[Records from a collection]
┄┄┄┄┄┄┄┄┄┄

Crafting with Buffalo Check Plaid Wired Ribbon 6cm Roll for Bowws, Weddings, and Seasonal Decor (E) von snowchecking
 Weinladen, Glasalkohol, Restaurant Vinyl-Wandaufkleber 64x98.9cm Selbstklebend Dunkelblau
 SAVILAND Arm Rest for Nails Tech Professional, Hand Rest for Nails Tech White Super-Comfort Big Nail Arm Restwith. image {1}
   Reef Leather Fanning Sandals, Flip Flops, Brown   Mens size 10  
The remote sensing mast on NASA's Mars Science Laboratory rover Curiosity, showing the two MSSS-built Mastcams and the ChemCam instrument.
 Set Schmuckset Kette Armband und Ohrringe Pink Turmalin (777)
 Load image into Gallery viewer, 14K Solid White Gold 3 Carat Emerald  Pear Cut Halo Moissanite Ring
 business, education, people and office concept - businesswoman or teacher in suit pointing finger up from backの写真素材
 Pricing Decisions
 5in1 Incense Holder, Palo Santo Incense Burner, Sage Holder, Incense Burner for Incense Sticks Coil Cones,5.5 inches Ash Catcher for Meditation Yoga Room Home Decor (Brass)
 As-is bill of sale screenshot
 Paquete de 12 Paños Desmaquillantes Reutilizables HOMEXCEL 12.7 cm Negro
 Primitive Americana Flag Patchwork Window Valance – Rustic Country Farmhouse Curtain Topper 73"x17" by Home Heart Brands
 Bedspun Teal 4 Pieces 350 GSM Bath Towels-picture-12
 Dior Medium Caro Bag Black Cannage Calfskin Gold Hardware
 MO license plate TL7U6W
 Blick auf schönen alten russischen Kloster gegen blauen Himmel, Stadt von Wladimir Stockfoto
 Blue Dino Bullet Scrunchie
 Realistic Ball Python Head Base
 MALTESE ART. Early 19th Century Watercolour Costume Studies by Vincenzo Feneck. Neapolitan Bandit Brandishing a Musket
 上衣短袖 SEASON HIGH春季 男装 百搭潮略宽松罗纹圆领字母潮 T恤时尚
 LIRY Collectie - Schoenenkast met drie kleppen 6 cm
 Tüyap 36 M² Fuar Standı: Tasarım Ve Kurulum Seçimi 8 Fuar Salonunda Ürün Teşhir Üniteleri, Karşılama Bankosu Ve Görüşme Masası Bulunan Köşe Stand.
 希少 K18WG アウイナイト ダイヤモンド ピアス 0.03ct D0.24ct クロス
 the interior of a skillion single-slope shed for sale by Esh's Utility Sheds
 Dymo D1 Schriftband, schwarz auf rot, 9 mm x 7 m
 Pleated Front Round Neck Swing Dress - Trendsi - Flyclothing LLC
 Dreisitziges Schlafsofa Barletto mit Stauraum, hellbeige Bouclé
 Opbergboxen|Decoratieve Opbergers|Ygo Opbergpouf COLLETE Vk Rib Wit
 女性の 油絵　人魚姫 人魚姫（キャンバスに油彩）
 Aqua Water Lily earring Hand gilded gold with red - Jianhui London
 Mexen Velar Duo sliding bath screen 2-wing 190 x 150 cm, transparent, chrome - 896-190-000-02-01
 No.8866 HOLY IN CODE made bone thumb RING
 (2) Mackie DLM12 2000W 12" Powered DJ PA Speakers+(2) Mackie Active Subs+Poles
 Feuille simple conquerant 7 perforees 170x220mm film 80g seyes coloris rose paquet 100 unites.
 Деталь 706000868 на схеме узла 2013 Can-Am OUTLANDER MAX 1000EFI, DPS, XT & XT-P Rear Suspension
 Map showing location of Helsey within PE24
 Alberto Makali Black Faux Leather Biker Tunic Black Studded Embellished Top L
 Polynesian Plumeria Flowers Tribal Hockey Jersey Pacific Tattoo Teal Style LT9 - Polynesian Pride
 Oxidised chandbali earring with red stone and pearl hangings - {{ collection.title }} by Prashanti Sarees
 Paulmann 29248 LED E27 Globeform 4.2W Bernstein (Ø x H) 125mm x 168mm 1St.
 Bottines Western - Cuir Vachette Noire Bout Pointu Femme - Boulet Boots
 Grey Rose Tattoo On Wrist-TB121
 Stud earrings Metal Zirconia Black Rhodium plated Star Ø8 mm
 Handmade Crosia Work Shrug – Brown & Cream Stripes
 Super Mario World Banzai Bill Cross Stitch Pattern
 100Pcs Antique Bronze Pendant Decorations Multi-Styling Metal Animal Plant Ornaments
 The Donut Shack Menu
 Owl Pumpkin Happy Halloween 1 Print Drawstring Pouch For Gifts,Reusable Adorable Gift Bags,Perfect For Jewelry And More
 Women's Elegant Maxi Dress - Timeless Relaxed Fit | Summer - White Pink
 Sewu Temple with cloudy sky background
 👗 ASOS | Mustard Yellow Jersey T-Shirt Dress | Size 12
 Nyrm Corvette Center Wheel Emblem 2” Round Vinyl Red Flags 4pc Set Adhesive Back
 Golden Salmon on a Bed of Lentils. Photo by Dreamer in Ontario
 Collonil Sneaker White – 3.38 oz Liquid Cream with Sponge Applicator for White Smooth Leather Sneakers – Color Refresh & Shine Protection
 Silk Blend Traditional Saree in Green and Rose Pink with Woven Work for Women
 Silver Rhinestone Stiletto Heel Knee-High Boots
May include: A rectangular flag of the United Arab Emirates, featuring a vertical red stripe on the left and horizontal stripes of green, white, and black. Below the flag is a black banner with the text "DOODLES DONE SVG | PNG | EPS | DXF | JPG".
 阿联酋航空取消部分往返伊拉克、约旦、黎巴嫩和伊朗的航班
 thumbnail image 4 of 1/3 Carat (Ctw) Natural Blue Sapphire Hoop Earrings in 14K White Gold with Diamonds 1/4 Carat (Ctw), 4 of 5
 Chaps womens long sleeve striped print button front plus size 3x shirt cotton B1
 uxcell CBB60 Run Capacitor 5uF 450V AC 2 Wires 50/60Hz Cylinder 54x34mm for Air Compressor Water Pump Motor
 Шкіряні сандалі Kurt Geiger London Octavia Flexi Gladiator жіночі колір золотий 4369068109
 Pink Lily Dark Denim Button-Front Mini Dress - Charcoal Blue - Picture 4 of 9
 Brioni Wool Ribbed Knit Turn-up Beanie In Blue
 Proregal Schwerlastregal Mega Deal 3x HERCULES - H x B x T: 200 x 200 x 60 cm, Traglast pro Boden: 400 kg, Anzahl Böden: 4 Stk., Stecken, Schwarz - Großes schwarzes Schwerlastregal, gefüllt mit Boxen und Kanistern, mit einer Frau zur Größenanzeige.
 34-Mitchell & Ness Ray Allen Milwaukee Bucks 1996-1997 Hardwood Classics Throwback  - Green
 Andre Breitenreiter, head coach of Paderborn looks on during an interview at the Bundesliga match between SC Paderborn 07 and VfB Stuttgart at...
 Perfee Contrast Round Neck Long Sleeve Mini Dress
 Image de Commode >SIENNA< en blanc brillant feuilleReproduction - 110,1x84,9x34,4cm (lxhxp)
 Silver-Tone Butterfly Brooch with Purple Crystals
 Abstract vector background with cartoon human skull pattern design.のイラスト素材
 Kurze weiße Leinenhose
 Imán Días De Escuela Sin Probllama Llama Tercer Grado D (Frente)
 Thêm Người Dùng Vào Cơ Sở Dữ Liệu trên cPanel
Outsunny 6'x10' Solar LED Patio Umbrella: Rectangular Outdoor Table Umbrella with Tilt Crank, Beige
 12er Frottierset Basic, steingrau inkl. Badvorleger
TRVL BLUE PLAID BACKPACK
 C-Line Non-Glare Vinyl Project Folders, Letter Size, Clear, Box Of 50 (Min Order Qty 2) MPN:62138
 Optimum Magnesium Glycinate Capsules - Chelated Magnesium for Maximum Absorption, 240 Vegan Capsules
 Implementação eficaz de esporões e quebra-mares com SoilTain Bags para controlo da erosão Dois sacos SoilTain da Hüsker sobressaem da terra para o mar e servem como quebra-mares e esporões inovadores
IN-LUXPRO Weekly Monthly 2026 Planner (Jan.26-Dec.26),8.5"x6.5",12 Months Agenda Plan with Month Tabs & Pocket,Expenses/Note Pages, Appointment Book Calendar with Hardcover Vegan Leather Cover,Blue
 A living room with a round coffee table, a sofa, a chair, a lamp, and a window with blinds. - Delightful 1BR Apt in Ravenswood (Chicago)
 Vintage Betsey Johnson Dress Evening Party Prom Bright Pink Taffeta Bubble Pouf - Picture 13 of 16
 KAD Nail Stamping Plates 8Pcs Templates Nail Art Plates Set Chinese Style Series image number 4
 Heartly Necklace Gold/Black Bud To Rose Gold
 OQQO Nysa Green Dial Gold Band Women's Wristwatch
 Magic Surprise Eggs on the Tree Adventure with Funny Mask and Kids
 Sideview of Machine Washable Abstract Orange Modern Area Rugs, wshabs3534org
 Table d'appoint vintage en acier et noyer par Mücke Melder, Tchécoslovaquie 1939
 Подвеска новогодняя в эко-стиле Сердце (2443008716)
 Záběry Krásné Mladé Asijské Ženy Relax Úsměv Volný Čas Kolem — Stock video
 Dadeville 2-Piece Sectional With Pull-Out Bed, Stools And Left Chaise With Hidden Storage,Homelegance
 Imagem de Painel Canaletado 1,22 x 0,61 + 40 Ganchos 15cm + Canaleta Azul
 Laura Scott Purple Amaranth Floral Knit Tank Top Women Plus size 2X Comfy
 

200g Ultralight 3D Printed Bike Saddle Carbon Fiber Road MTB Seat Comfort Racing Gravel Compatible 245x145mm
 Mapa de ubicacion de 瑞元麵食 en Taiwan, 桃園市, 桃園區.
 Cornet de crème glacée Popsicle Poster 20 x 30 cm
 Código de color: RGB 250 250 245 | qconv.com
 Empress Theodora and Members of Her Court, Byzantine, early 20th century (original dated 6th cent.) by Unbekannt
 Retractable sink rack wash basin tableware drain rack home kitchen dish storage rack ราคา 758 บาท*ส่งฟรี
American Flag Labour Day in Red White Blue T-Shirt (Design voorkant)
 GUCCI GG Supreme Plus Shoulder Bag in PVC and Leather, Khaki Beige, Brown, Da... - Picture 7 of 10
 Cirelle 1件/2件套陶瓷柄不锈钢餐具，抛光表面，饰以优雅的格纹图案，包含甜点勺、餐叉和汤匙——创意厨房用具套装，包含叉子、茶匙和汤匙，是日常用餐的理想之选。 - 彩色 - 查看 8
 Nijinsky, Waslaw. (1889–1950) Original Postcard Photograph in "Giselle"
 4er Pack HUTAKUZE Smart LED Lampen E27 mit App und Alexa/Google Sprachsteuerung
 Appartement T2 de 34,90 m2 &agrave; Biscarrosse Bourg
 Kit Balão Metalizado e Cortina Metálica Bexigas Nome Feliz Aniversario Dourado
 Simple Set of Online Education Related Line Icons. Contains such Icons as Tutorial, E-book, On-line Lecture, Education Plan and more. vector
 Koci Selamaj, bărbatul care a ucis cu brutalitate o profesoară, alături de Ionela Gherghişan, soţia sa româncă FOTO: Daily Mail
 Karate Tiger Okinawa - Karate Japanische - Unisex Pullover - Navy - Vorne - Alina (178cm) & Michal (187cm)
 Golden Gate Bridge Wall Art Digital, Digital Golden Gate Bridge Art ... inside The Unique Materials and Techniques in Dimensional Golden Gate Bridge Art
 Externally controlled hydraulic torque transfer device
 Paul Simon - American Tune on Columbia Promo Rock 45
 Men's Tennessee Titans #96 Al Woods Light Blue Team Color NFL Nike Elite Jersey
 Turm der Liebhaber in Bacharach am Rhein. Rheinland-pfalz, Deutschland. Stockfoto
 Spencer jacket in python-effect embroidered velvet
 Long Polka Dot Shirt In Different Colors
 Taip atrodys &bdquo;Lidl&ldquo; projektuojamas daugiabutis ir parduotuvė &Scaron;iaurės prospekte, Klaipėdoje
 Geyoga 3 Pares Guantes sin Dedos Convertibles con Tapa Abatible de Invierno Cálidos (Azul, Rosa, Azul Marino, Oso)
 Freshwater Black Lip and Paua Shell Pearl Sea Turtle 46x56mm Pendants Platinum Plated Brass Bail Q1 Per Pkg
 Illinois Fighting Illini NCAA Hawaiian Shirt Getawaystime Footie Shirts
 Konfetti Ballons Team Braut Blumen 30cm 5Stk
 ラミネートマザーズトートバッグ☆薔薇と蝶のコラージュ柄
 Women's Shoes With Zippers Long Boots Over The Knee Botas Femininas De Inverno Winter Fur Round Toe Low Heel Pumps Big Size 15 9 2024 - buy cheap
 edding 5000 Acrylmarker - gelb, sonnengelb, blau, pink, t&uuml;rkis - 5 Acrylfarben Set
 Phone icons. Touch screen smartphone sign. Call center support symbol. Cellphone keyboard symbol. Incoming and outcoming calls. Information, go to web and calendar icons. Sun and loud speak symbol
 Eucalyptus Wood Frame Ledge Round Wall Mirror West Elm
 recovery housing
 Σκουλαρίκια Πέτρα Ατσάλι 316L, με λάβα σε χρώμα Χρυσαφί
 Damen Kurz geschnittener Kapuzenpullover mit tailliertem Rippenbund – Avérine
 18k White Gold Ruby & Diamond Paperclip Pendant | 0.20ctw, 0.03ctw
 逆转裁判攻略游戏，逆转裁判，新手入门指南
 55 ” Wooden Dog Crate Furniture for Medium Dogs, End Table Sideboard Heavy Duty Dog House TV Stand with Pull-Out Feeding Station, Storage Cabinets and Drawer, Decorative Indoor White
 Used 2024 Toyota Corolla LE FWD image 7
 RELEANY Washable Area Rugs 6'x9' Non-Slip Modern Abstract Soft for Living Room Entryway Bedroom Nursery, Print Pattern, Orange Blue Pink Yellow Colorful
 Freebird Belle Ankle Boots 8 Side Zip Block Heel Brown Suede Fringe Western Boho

┄┄┄┄┄┄┄┄┄┄

→ **TASK INSTRUCTIONS**
Which lines run from the one holding "Retractable sink rack" through the one holding "Illinois Fighting Illini" in the records above? Repeat them exactly, both included, and nothing more.

→ **SOLUTION TO THE PROBLEM**
 Retractable sink rack wash basin tableware drain rack home kitchen dish storage rack ราคา 758 บาท*ส่งฟรี
American Flag Labour Day in Red White Blue T-Shirt (Design voorkant)
 GUCCI GG Supreme Plus Shoulder Bag in PVC and Leather, Khaki Beige, Brown, Da... - Picture 7 of 10
 Cirelle 1件/2件套陶瓷柄不锈钢餐具，抛光表面，饰以优雅的格纹图案，包含甜点勺、餐叉和汤匙——创意厨房用具套装，包含叉子、茶匙和汤匙，是日常用餐的理想之选。 - 彩色 - 查看 8
 Nijinsky, Waslaw. (1889–1950) Original Postcard Photograph in "Giselle"
 4er Pack HUTAKUZE Smart LED Lampen E27 mit App und Alexa/Google Sprachsteuerung
 Appartement T2 de 34,90 m2 &agrave; Biscarrosse Bourg
 Kit Balão Metalizado e Cortina Metálica Bexigas Nome Feliz Aniversario Dourado
 Simple Set of Online Education Related Line Icons. Contains such Icons as Tutorial, E-book, On-line Lecture, Education Plan and more. vector
 Koci Selamaj, bărbatul care a ucis cu brutalitate o profesoară, alături de Ionela Gherghişan, soţia sa româncă FOTO: Daily Mail
 Karate Tiger Okinawa - Karate Japanische - Unisex Pullover - Navy - Vorne - Alina (178cm) & Michal (187cm)
 Golden Gate Bridge Wall Art Digital, Digital Golden Gate Bridge Art ... inside The Unique Materials and Techniques in Dimensional Golden Gate Bridge Art
 Externally controlled hydraulic torque transfer device
 Paul Simon - American Tune on Columbia Promo Rock 45
 Men's Tennessee Titans #96 Al Woods Light Blue Team Color NFL Nike Elite Jersey
 Turm der Liebhaber in Bacharach am Rhein. Rheinland-pfalz, Deutschland. Stockfoto
 Spencer jacket in python-effect embroidered velvet
 Long Polka Dot Shirt In Different Colors
 Taip atrodys &bdquo;Lidl&ldquo; projektuojamas daugiabutis ir parduotuvė &Scaron;iaurės prospekte, Klaipėdoje
 Geyoga 3 Pares Guantes sin Dedos Convertibles con Tapa Abatible de Invierno Cálidos (Azul, Rosa, Azul Marino, Oso)
 Freshwater Black Lip and Paua Shell Pearl Sea Turtle 46x56mm Pendants Platinum Plated Brass Bail Q1 Per Pkg
 Illinois Fighting Illini NCAA Hawaiian Shirt Getawaystime Footie Shirts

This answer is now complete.